Las circunstancias del
símbolo niceno: la carta de Eusebio de Cesárea a su comunidad
El
acto más importante del concilio, el que habría de asegurar su éxito histórico,
fue la redacción y aprobación de la definición de fe en la forma de un
«símbolo» o compendio de las verdades esenciales, profesadas por la Iglesia.

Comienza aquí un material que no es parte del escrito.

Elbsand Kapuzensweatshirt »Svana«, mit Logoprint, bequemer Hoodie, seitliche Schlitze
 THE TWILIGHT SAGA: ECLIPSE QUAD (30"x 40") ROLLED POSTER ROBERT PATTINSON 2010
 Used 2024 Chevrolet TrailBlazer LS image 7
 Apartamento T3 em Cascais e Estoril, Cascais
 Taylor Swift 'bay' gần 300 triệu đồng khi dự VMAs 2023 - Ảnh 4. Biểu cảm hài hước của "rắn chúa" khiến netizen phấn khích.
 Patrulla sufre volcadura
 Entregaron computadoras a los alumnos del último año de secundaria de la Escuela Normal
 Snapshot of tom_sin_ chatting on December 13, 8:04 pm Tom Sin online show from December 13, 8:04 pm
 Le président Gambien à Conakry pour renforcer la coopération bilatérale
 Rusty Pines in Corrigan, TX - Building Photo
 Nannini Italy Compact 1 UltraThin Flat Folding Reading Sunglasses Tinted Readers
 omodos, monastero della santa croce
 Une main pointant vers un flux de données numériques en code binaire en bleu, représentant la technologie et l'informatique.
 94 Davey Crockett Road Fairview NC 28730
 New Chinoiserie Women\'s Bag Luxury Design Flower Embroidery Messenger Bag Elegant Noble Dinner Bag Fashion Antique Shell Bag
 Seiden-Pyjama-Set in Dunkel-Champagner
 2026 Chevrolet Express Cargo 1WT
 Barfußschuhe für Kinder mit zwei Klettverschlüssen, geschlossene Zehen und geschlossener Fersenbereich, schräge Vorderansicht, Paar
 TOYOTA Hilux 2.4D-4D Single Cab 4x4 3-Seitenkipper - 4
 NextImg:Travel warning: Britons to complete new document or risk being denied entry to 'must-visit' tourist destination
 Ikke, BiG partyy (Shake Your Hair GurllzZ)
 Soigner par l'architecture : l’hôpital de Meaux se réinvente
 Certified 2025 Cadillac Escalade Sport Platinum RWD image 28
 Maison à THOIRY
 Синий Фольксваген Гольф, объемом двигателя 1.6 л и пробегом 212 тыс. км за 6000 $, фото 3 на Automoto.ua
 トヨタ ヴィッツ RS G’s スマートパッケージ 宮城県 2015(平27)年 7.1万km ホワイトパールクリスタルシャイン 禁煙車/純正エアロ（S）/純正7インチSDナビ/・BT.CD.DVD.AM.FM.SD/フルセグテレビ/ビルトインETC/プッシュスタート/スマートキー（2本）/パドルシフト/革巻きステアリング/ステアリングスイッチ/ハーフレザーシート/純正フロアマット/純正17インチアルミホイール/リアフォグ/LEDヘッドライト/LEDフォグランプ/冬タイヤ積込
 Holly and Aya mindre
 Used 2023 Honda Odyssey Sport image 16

También para este episodio central hemos de remitimos al testimonio, en varios
aspectos problemático, de Eusebio de Cesárea. En una carta a los fieles de su
diócesis, escrita con ocasión de la decisión conciliar, mientras se encontraba
todavía en Nicea, cuenta cómo se llegó a redactar el texto del símbolo sobre la
base de una propuesta suya. En realidad, más que ver en ello el simple deseo de
informar oportunamente a su comunidad, es lícito suponer que nos encontramos ante
una operación de carácter apologético. El obispo de Cesárea no sólo omite la
condena que se le había infligido en Antioquía y ofrece una explicación forzada
del texto de Nicea para hacerlo cuadrar con sus planteamientos doctrinales, sino
que deja vislumbrar ya una actitud defensiva en la preocupación por el hecho de
que su Iglesia haya podido recibir noticias inexactas. Pues bien, según la
presentación que hace Eusebio, el símbolo niceno no sería más que una
reelaboración de la profesión de fe que él había expuesto al concilio.
Después
de haberlo leído, el mismo Constantino habría expresado su aprobación, pidiendo
tan sólo que se completasen algunas de sus formulaciones. Sin embargo, como
veremos más adelante, el texto aprobado en Nicea resulta bastante distinto del
de Eusebio y es ésta la verdadera razón por la que él tiene que aclarar a su
Iglesia cómo fue posible que se adhiriese a él.
La
carta comienza invocando el argumento de la tradición, tal como lo había hecho Arrio
en una profesión de fe dirigida a Alejandro de Alejandría antes de Nicea,
aunque aquí aparece más desarrollada la reivindicación del carácter doctrinal.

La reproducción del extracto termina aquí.